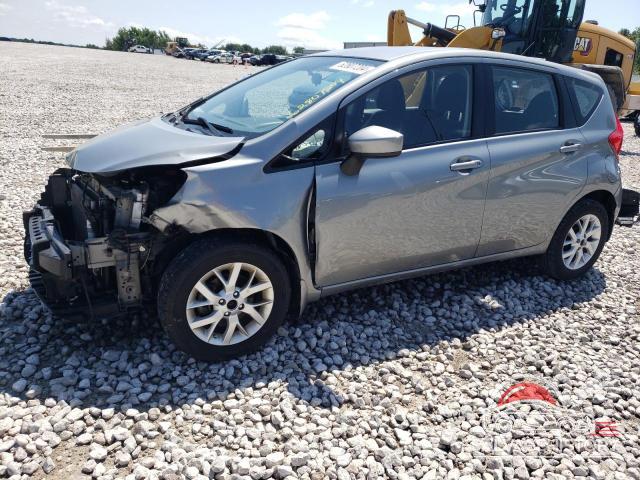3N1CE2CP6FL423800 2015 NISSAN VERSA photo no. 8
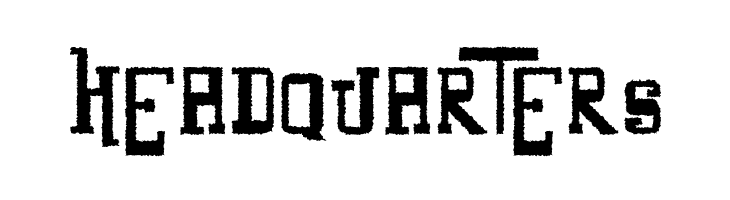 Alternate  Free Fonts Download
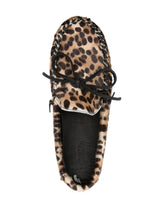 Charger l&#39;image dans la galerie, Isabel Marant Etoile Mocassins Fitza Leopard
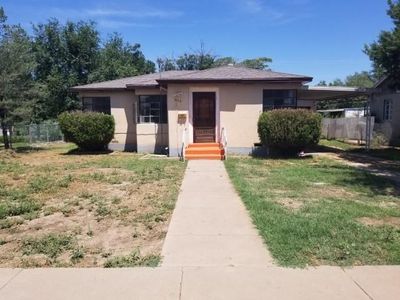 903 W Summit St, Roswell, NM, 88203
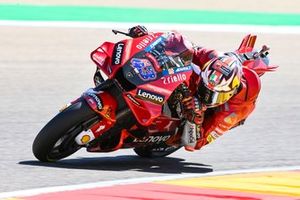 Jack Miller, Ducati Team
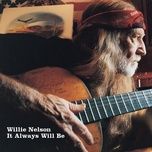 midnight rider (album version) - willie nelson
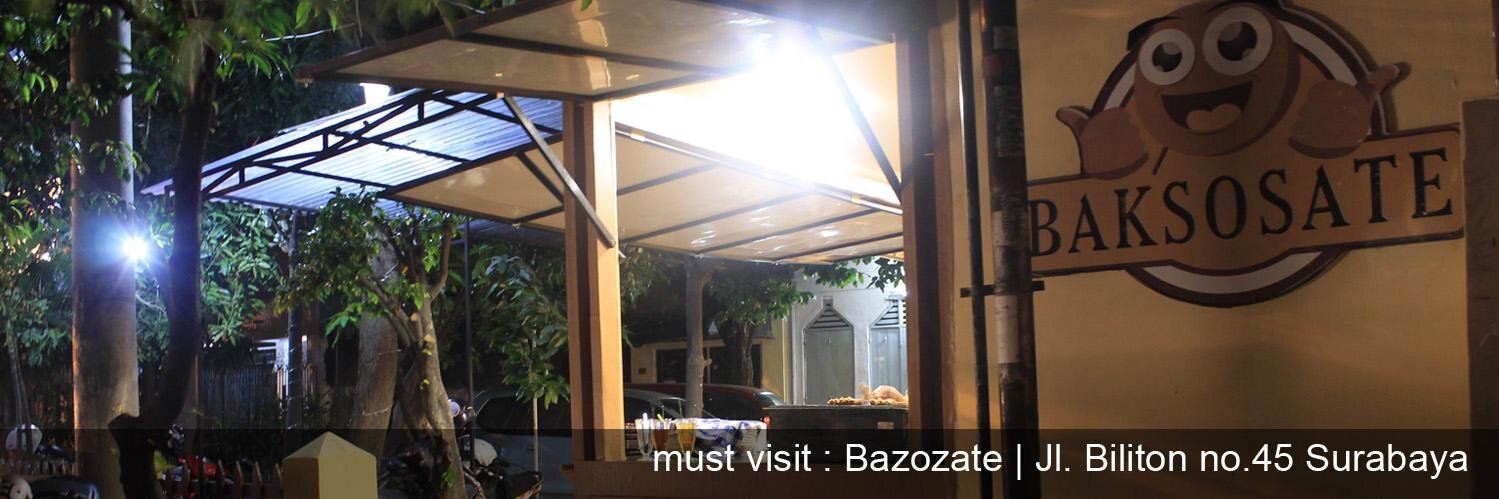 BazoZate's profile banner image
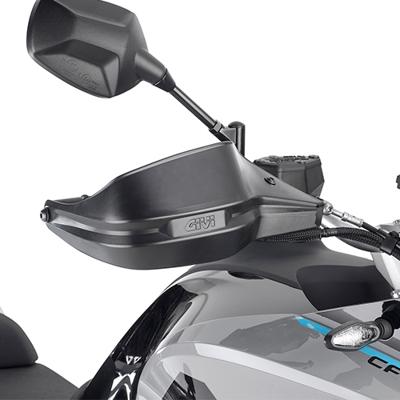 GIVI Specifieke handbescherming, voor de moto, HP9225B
════
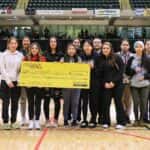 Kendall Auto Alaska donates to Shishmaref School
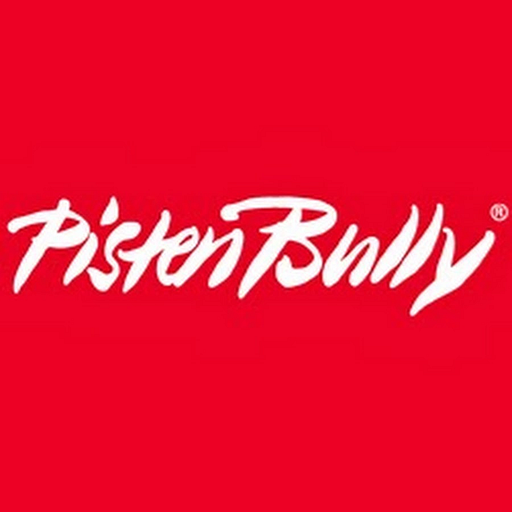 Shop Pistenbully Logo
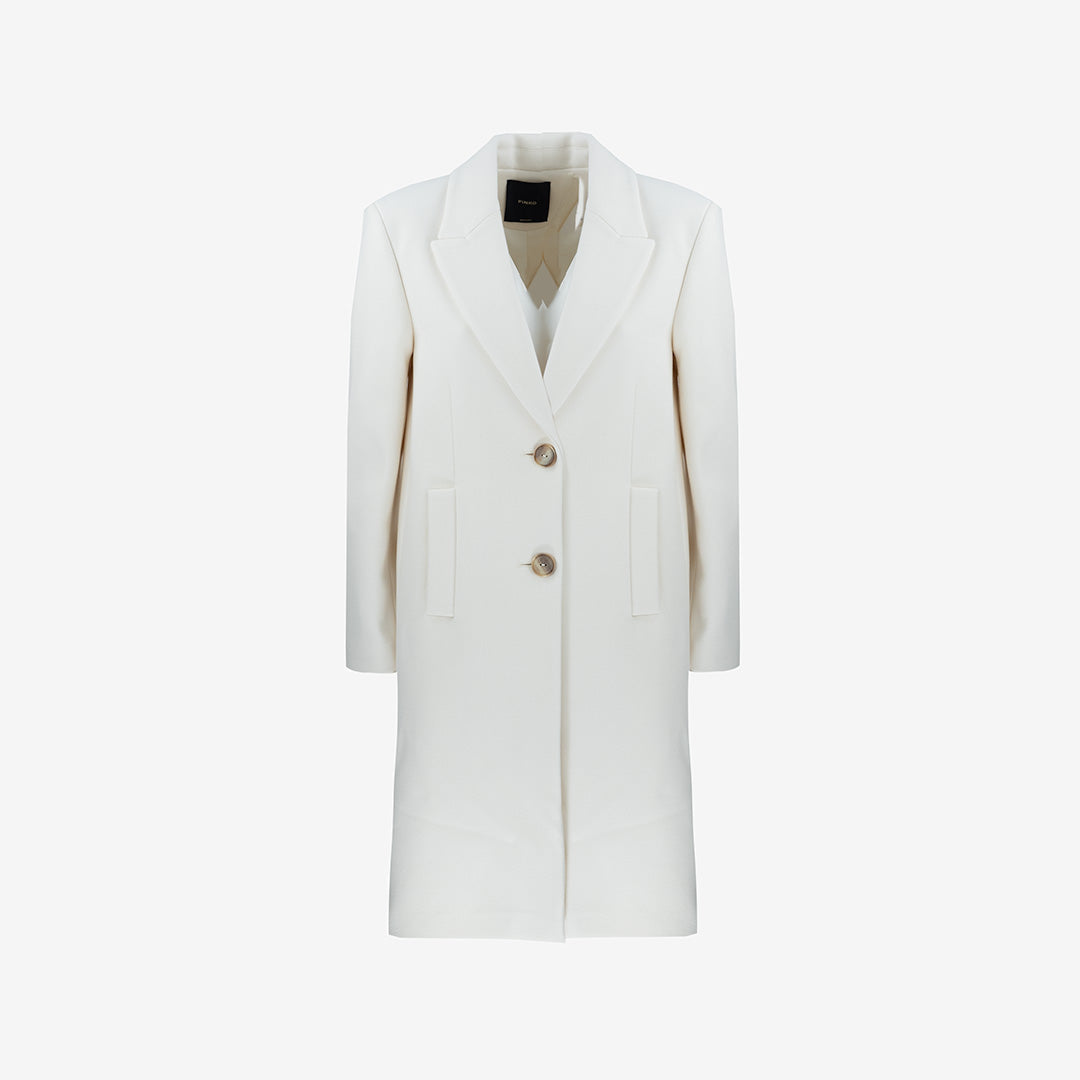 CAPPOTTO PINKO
════
### [Task]
Drop the pictures; return the lines above from the line containing "Charger l&#39;image dans" to the line containing "GIVI Specifieke handbescherming, voor", both included, exactly.

### [Result]
 Charger l&#39;image dans la galerie, Isabel Marant Etoile Mocassins Fitza Leopard
 903 W Summit St, Roswell, NM, 88203
 Jack Miller, Ducati Team
 midnight rider (album version) - willie nelson
 BazoZate's profile banner image
 GIVI Specifieke handbescherming, voor de moto, HP9225B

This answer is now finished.